Having concluded that a secular Enlightenment or Deism were not the origin of many things in American religious history, the alternative view presented by R. J. Rushdoony is that “American…waywardness must be read in terms of Arminianism, not in terms of the Enlightenment.” In reality, the source of much of Jefferson’s unorthodoxy was the American revivalism and restoration movements of the early 19th century. Jefferson’s waywardness simply parallels the church in the Piedmont (and perhaps in America). This is an uncomfortable truth for many Evangelical historians, but one which, if embraced will at least lead to a more accurate understanding of America’s religious history.

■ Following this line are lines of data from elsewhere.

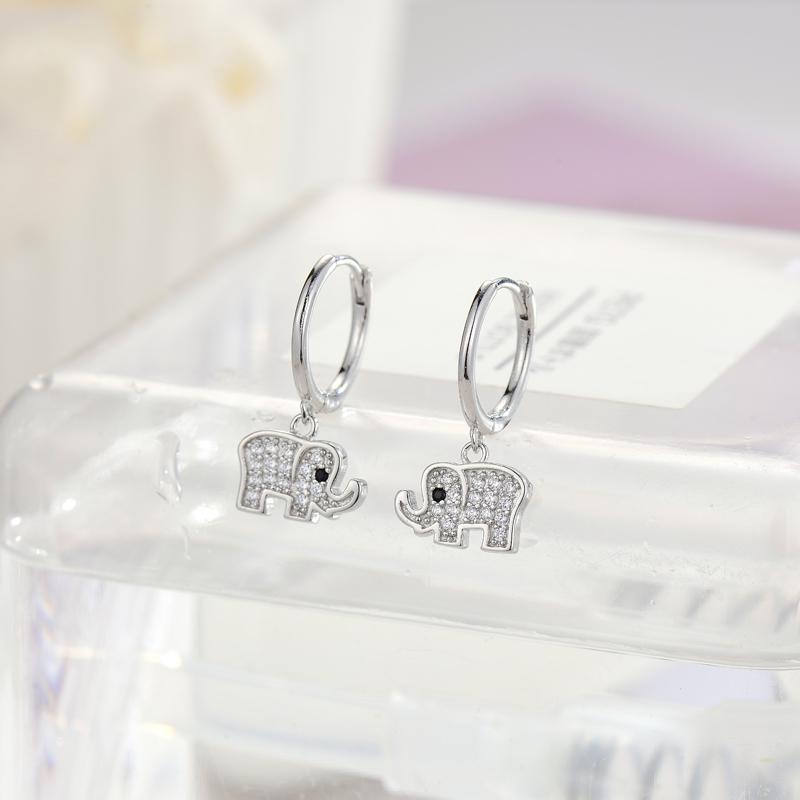 925  Silver Elephant Zircon Hoop Dangle Hoop Earring for Women Fashion Jewelry серебряный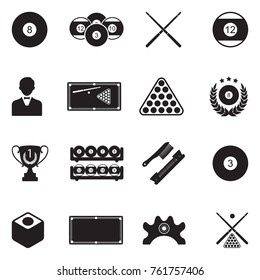 Billiards Icons. Black Flat Design. Vector Illustration. 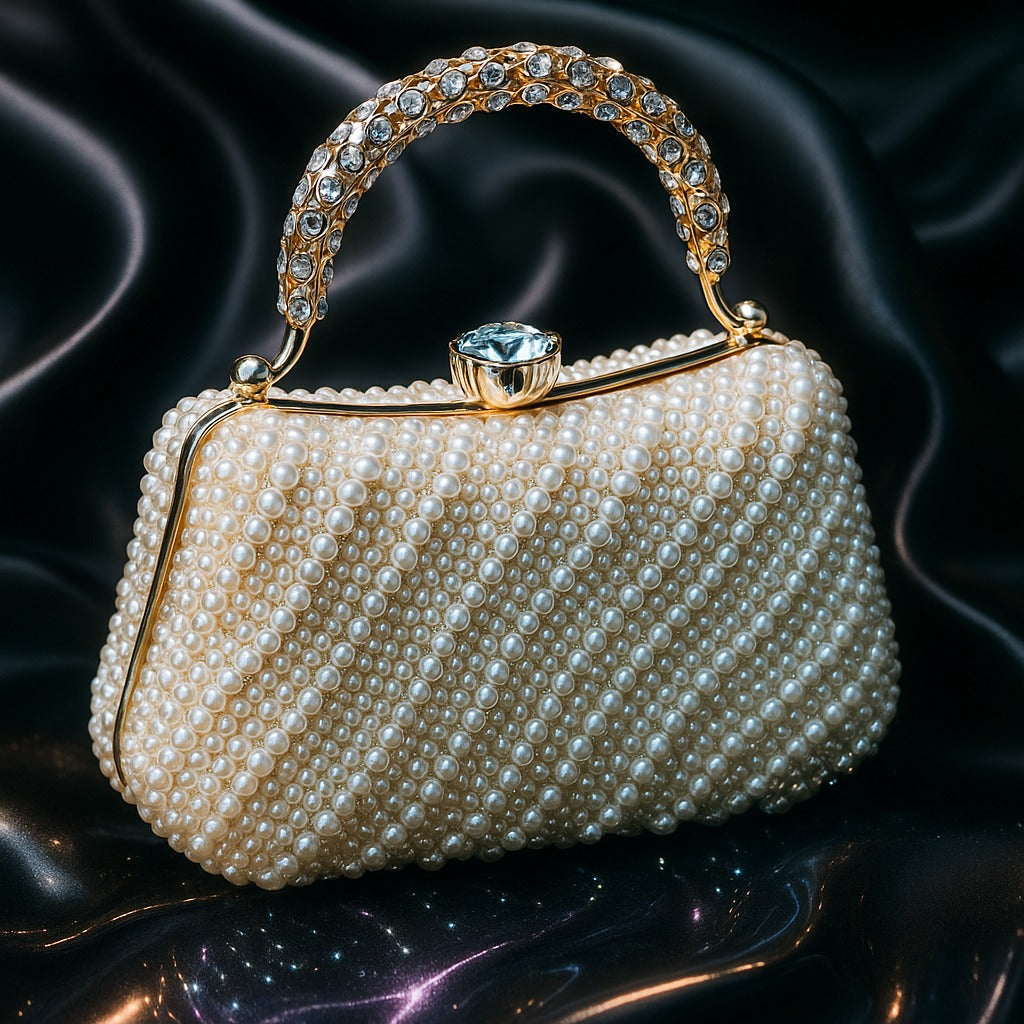 white pearls clutch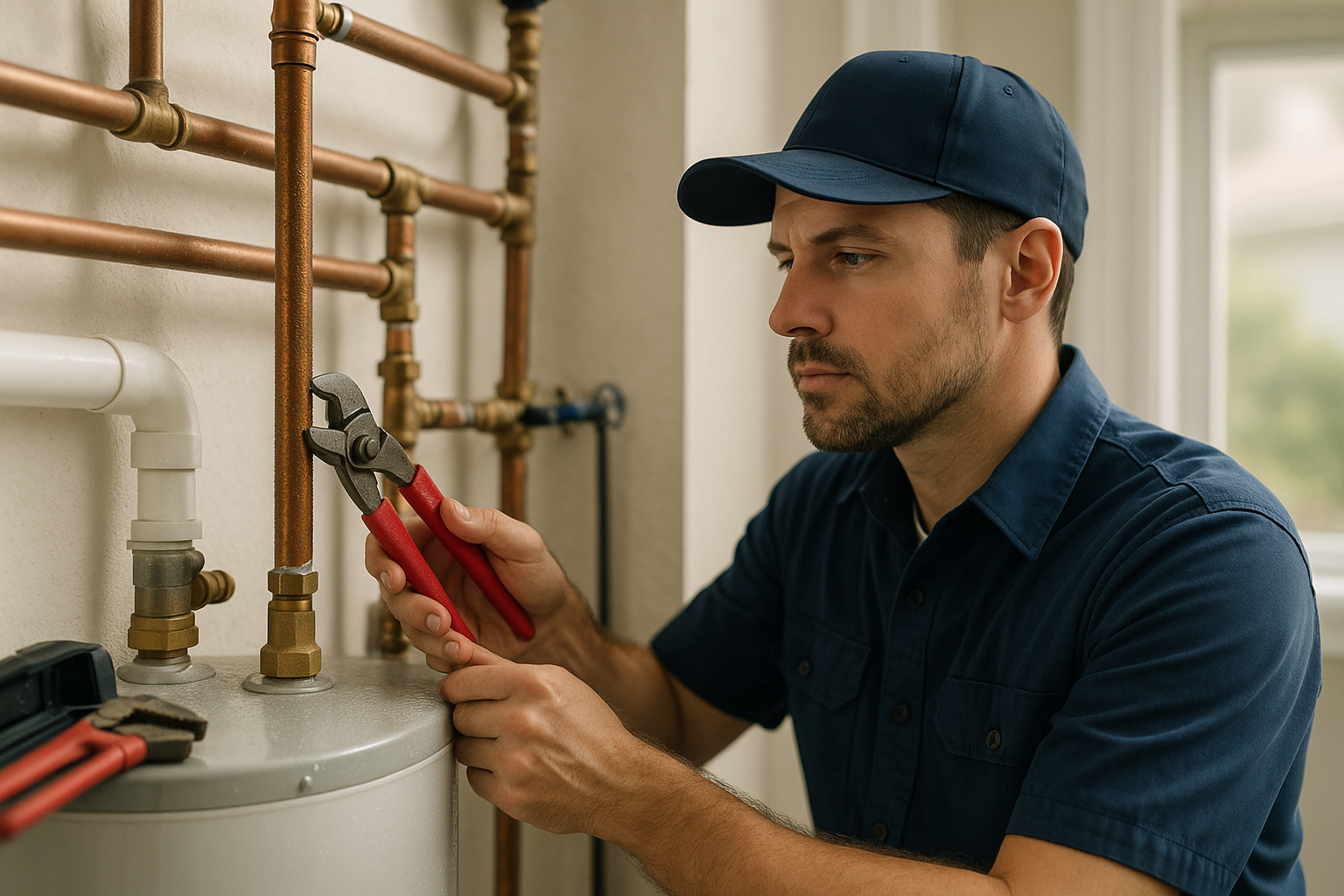 Editorial illustration depicting pipes sweating high humidity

While it would be incorrect to argue that outside cultural, theological, and philosophical forces (including influences that were non-Christian, deistic, and Unitarian) had no impact on men such as Jefferson and Madison, it would be equally, if not more, misleading to emphasize these influences while ignoring the impact of the religious communities of the Central Virginia Piedmont where they spent most of their lives. For example, the Library of Congress’ James Hutson based his analysis of the early period of Jefferson’s life on secondary sources that fail to provide this history, and therefore concluded that Thomas Jefferson “in the 1770s and 1780s…was, at this stage of his life, a confirmed deist.”[1] But his view of Jefferson changes when he examines primary sources while Jefferson was President. If Jefferson himself publicly and voluntarily identified with the Calvinistical Reformed Church and Evangelical ministers such as Charles Clay, or said that it was the Baptists of Albemarle County who understood him “best,” then scholarly research and discussion must address this important source of influence and perspective.[2]
[1] Hutson, 73, 84.
[2] The praise of Jefferson by the Baptists in central Virginia was also true of every other sect in the area. Despite the strong support of many clergymen and religious communities in America, the attacks of clergymen against Jefferson are unfortunately emphasized by modern biographers today. The earliest biographers of Jefferson and Madison, who themselves lived in the Piedmont, had a different perspective. Henry Randall portrayed Jefferson as a committed churchman rather than standing outside the religious culture of the day. Likewise did the earliest Madison biographer, William Cabell Rives (who lived in the same area as Madison during the last 16 years of Madison’s life). See Rives, 602-603.